Print the lines below from the line with "Ga onbeperkt met Magzter GOLD" to the line with "Noosa Hinterland Escape-1" exactly, keeping both ends, and print no pictures.

# DATA:
──────────────────────────────

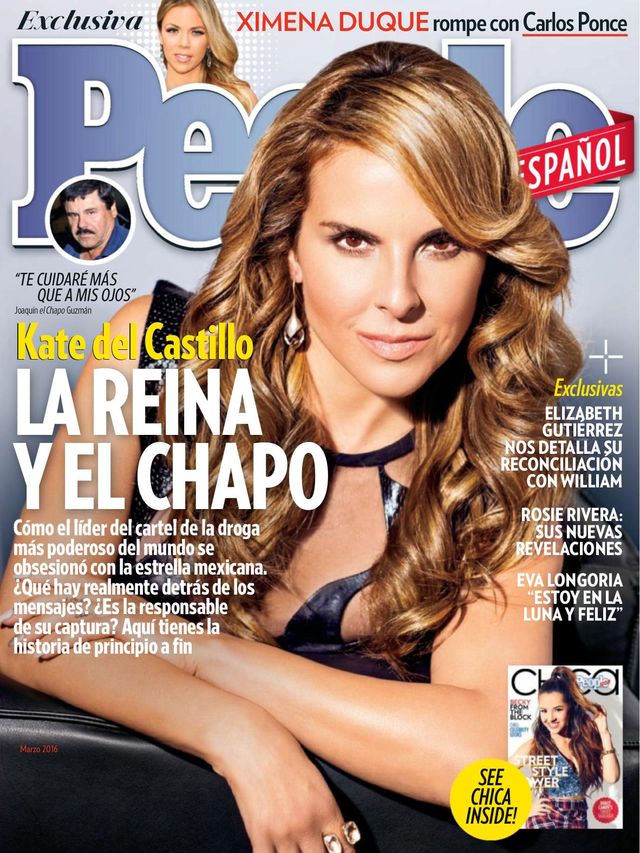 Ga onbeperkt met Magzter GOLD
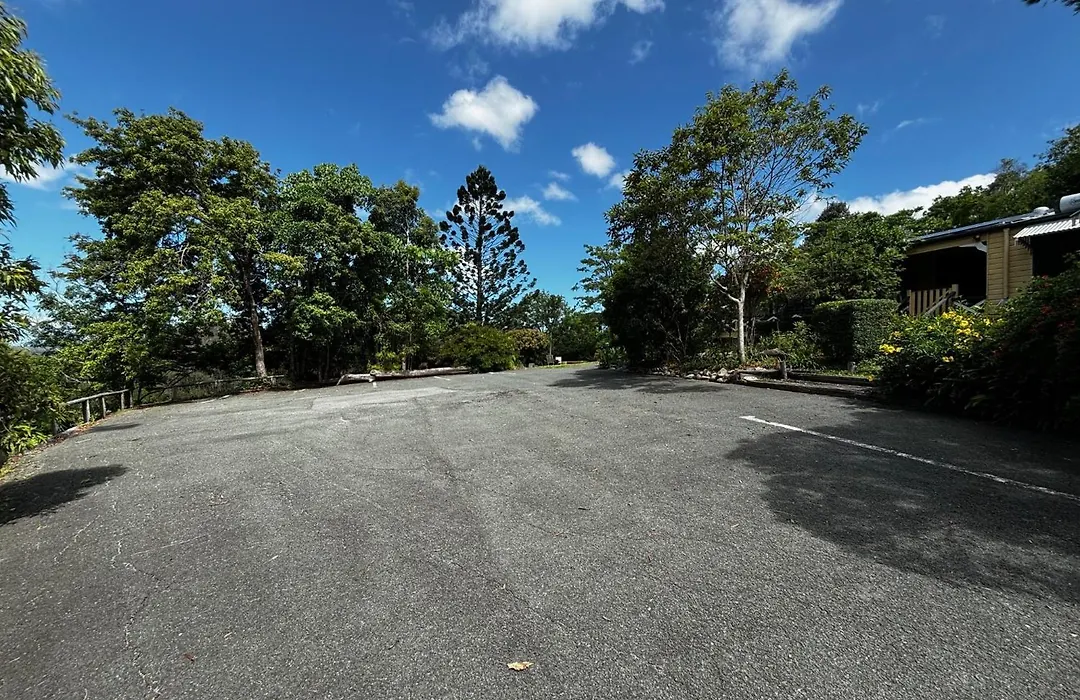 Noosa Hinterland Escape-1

──────────────────────────────

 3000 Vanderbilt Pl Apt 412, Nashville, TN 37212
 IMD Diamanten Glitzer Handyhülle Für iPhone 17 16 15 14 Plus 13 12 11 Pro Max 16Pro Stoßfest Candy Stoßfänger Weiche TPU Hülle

──────────────────────────────

# REPLY TO THE TASK:
 Ga onbeperkt met Magzter GOLD
 Noosa Hinterland Escape-1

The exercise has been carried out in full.